In doing so, many sites are taking the risk of becoming customer-centric experiences. Today, we’ll take a deeper look at the business model that supports this strategy and how eCommerce sites can benefit from implementing the model long term.
Where does this strategy come from?
Being customer-centric is the cornerstone of the Customer Development methodology, the lean business model first introduced by American entrepreneur Steve Blank. It focuses on applying agile engineering or the scientific method to validate your business ideas, instead of making assumptions about what the right product, ideal features, services, etc. are for your customer. The method will reduce the risk of mistakes and missed market opportunities by analyzing customer behavior towards your product or service.
Businesses that have implemented a Customer Development model focus on all things that the client demands and needs, marketing their value offer around that. They create relationships instead of sales and spend time analyzing in detail ways to improve the customer experience. They carefully study and plan their business decisions with a customer-centric approach.
How can it apply to my eCommerce site?
1. Optimize your existing resources
Setting up your site and its operations correctly are necessary in order to ensure customer fulfillment is at its best. For this, sites should start by identifying and eliminating unnecessary expenses and leaks in your budget. An example of the latter can be spending too much time on inhouse development for your site. True to the lean mentality, expenses should only be on those tools which seamlessly run the site and provide access to efficient and affordable solutions.
2. Get out of the building
This technique follows the idea that inside the building one is filled with assumptions and fantasies. In order to face the facts that will lead to better business decisions, one must “Get out of the building” and talk to potential customers before you roll anything out.
In these uncertain times especially it has become rather difficult to understand what customers are thinking about and what drives them to purchase or not, collecting reviews, conducting surveys among site prospects, and initiating one-on-one conversations with your customers easy and powerful ways to go about getting out of the building.

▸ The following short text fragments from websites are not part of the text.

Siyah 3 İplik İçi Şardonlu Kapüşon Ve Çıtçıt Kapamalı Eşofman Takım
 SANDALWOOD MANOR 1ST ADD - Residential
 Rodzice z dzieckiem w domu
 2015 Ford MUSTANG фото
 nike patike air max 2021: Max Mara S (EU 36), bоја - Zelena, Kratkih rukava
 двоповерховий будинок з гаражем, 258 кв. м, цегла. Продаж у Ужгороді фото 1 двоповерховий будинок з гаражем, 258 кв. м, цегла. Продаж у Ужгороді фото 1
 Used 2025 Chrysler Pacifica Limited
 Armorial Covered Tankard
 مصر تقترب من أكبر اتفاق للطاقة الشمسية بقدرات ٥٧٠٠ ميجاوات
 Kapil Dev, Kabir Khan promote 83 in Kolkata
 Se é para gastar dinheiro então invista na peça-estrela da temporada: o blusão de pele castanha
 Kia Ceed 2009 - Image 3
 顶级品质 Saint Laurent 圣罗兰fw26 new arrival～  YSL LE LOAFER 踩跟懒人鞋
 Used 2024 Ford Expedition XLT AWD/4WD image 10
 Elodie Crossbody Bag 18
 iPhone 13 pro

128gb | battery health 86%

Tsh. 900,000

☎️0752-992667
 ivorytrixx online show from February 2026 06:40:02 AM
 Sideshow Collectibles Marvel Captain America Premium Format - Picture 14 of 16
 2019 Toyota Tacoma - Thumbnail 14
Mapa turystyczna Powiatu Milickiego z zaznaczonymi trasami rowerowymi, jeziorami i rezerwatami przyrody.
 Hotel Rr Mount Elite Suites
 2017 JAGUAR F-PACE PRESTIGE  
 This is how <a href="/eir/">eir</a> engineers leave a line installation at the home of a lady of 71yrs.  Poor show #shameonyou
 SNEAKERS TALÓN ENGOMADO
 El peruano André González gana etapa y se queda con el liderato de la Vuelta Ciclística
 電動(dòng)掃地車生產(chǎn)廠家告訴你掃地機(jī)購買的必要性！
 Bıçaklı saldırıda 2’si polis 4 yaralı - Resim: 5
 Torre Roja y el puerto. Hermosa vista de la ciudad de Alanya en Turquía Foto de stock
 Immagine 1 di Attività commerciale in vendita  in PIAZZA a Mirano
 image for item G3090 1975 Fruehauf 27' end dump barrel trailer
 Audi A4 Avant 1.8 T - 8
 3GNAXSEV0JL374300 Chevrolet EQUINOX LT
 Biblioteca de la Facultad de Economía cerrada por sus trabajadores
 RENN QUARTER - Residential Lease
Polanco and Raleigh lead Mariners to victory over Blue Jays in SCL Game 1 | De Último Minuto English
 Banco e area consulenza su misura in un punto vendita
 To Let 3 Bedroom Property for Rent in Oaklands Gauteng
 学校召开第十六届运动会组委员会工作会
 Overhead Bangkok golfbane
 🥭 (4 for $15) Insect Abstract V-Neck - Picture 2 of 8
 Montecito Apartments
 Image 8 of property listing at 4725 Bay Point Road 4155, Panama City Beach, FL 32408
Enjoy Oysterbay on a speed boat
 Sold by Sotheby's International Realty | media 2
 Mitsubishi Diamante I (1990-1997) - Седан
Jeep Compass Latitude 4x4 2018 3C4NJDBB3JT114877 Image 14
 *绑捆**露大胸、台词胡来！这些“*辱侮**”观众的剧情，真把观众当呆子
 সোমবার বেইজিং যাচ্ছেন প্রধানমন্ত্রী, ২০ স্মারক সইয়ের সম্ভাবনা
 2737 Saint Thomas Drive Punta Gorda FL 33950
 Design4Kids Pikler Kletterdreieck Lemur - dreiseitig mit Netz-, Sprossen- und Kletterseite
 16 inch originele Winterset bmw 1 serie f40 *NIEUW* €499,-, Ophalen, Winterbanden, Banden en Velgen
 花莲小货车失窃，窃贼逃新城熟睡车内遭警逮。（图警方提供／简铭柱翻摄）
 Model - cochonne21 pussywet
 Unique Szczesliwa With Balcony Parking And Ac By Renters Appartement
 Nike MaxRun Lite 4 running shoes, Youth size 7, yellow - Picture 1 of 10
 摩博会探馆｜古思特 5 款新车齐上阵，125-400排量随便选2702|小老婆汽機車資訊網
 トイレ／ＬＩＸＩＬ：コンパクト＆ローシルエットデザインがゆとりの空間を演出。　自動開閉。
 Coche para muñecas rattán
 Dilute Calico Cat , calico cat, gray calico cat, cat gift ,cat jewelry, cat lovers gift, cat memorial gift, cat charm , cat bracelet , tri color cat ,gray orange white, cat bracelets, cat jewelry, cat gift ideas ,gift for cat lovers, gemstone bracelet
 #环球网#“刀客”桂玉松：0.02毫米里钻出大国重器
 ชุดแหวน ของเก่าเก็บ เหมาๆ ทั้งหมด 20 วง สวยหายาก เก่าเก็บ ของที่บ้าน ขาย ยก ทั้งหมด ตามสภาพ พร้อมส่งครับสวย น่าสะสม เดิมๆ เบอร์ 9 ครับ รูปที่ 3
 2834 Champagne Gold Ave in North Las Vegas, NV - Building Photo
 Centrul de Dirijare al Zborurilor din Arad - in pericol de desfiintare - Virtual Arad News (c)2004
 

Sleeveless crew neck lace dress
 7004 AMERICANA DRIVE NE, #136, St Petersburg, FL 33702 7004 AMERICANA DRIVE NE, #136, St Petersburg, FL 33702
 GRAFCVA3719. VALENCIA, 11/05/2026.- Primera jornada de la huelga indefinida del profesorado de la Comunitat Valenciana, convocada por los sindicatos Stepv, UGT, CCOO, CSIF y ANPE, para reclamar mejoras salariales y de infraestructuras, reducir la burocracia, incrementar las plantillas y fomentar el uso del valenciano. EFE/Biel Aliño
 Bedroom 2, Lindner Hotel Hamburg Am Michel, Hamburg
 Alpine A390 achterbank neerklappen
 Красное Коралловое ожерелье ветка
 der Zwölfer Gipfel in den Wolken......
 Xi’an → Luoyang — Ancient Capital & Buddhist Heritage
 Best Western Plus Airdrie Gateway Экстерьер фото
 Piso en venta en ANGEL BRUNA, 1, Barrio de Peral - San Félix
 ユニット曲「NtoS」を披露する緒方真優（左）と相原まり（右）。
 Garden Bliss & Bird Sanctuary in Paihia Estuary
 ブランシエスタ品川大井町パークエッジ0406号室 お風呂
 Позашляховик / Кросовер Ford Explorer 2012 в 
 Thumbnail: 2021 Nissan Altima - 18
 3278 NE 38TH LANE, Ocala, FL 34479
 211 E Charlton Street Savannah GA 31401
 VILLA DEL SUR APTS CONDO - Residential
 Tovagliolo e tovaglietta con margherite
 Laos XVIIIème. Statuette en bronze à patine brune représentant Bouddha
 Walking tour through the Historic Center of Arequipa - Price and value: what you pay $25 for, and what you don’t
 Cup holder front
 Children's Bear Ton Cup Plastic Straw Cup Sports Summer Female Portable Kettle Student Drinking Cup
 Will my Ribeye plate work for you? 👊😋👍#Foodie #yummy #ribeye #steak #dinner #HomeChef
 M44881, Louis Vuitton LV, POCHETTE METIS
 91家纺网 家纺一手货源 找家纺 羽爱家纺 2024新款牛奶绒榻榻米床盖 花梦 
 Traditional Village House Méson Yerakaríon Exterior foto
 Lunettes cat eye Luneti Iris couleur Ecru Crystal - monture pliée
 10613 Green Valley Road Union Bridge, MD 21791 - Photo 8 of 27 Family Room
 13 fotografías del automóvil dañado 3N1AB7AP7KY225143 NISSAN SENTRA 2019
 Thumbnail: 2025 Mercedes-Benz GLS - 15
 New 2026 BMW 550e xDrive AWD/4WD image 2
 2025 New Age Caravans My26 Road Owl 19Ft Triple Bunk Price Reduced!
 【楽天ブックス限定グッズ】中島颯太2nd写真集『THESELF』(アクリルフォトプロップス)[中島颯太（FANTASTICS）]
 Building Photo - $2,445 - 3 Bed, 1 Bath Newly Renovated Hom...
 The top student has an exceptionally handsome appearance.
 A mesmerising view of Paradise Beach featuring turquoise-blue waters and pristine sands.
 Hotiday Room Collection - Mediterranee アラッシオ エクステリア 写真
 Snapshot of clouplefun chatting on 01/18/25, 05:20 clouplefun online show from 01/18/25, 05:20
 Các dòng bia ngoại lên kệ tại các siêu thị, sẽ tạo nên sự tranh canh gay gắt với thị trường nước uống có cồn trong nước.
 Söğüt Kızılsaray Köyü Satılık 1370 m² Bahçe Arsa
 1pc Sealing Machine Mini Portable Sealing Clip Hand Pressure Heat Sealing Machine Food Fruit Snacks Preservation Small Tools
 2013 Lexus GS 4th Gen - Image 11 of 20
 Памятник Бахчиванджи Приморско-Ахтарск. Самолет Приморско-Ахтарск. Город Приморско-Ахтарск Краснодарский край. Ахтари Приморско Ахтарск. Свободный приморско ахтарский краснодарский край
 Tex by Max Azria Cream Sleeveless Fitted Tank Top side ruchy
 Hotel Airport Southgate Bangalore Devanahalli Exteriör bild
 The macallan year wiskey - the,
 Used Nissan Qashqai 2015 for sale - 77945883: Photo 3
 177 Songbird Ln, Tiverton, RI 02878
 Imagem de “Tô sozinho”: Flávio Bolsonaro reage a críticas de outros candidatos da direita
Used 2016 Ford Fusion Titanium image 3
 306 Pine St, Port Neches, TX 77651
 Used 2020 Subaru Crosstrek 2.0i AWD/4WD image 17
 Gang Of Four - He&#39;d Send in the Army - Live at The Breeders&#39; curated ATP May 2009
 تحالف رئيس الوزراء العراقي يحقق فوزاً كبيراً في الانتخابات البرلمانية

3. Take control of your testing
At Resolve Digital, one of our top priorities for eCommerce sites is making sure they are set up correctly. Part of what this means is that you are able to visualize a comprehensive customer journey from your site, with insightful data that can help you get a clear picture of your customer touchpoints and habits. There is no magic formula to figure out a customers’ preferences and behaviors thoroughly, however, conducting A/B testing and long term marketing campaigns based on data from your live customer journey, you can gradually understand what customers really desire from your brand.
4. Improving is also changing
Over this period of time, we have seen many household brands constantly reinvent themselves, to keep up with the fast-paced changes in customer needs. However, we can learn from them that there is no need to start from scratch and build something new if we already have something going. The lean method is all about using what you have available and improving on it, which also applies to your customer journey. Instead of trying to build out new untested strategies, sites should look to incrementally build up their experience based on customer feedback and prospect responses. Updating your site’s design can be cool, but will it improve your sales? What customer pain points are these website updates actually improving? Those are the hard questions that sites eCommerce platforms need to be focused on in order to maximize their conversions.
There is no doubt that customer experience is a leading factor to eCommerce success. As we have seen, becoming customer-centric will force you to continuously evaluate your site and its conversions. Because the future, much like the present, is still uncertain it’s better to be prepared and build your site correctly now, rather than later.